ABOUT THE ARTIST

Afghan artist Alibaba Awrang is an established artist in the Eastern world, with exhibitions and works in private collections in Kabul, Tehran, Bahrain, Dubai, Istanbul, Islam Abad, and Melbourne.  In 2021, at the height of his career, he and his family were evacuated from Afghanistan by the U.S. Department of State, when the Taliban took control of his country. In 2022 he resettled in Connecticut.

Soon after arriving, he was commissioned by the I.M. Pei-designed Museum of Islamic Art in Doha, Qatar, one of the world’s premier museums of Islamic art. He painted the 12x20 foot triptych - which is now installed permanently in the entry gallery - on the floor of his new bedroom.

Since his arrival in the U.S., his paintings have been acquired by the Wadsworth Atheneum Museum in Hartford, CT, and by private collectors.  His work has been featured in the 2025 exhibitions at the Wadsworth Atheneum, at the 836M Gallery in San Francisco, in the 2024 Sydney Biennale, and in a 2023 show at the Mattatuck Museum in Waterbury, CT.  His work is also in the collection of the RMIT Museum and Gallery in Melbourne.  In 2024, he was awarded an Assets for Artists grant by Mass MoCA in North Adams, MA and an Artist Fellowship grant by the Connecticut Office of the Arts.

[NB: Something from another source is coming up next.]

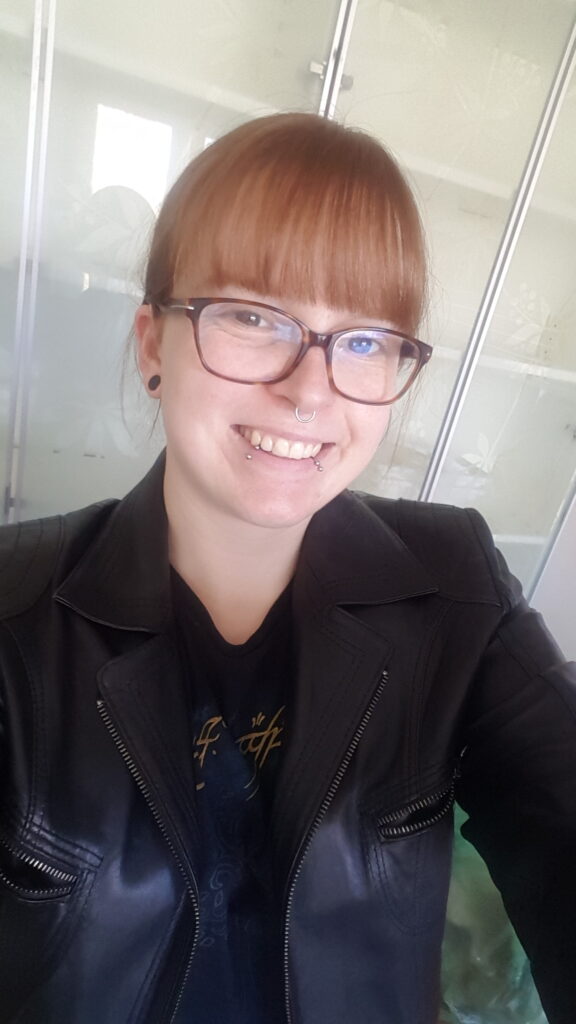 Profilfoto von Lena – Kandidatenprofil bei CALUMA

Awrang was born in Ghazni Province, Afghanistan, in 1972.  He received his Bachelor and his Master of Calligraphy degrees at the Iranian Calligraphy Association in Shiraz and Tehran, respectively.  He taught painting and chaired the Calligraphy and Miniature Painting Department at the Turquoise Mountain Institute (founded by The Prince of Wales, now King Charles III) in Kabul, Afghanistan.  His work has been published in several books, including Kelke Khyal (Calligraphy of Alibaba Awrang), 2015.